* What is needed:
Please find the line that holds "The Crimean War: 1853-1856" below and reproduce it, along with every line after it through the end, exactly and without pictures.

*** Provided data ***

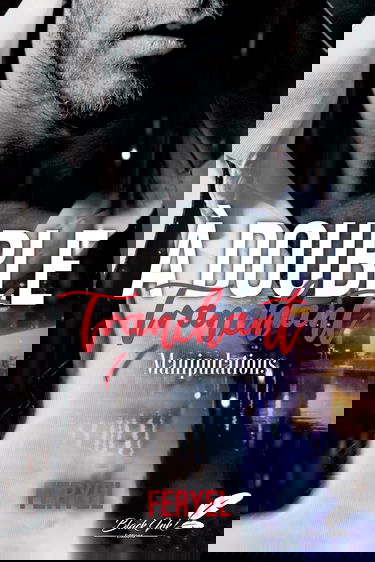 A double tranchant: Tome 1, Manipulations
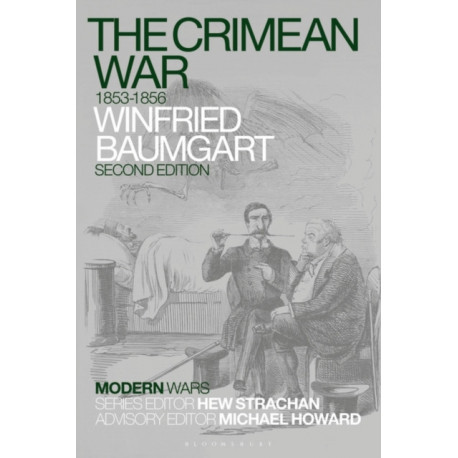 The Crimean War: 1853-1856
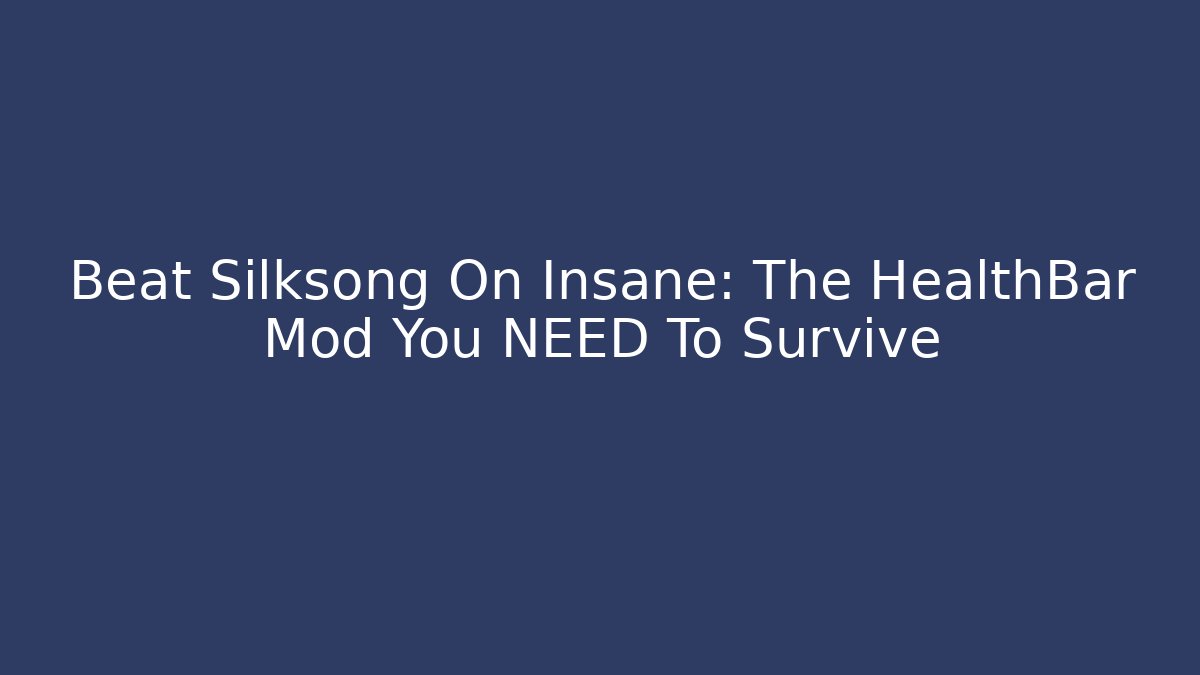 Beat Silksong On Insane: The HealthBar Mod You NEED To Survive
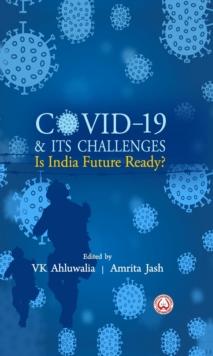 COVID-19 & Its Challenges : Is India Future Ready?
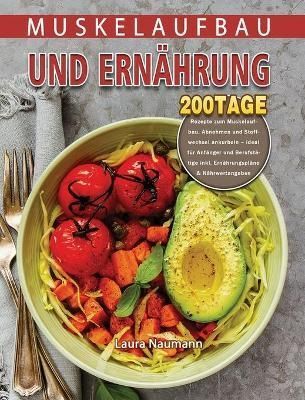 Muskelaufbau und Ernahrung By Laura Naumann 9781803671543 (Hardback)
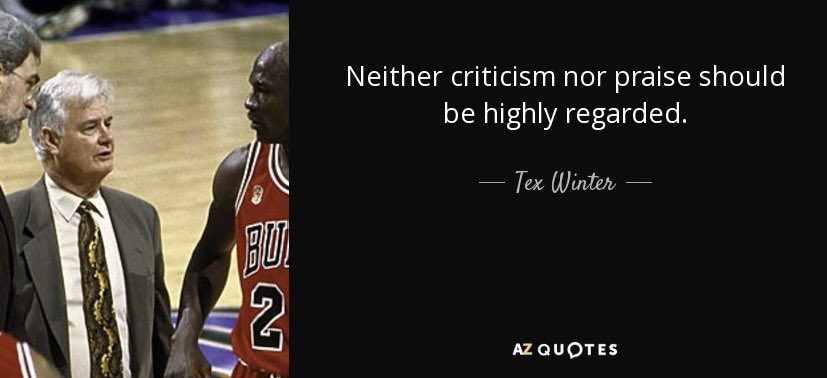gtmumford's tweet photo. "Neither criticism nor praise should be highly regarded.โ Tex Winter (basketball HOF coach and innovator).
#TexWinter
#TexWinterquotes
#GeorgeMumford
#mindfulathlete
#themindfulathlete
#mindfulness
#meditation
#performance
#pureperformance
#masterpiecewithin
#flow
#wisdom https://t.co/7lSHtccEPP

*** End of Provided data ***

* Solved exercise:
 The Crimean War: 1853-1856
 Beat Silksong On Insane: The HealthBar Mod You NEED To Survive
 COVID-19 & Its Challenges : Is India Future Ready?
 Muskelaufbau und Ernahrung By Laura Naumann 9781803671543 (Hardback)
gtmumford's tweet photo. "Neither criticism nor praise should be highly regarded.โ Tex Winter (basketball HOF coach and innovator).
#TexWinter
#TexWinterquotes
#GeorgeMumford
#mindfulathlete
#themindfulathlete
#mindfulness
#meditation
#performance
#pureperformance
#masterpiecewithin
#flow
#wisdom https://t.co/7lSHtccEPP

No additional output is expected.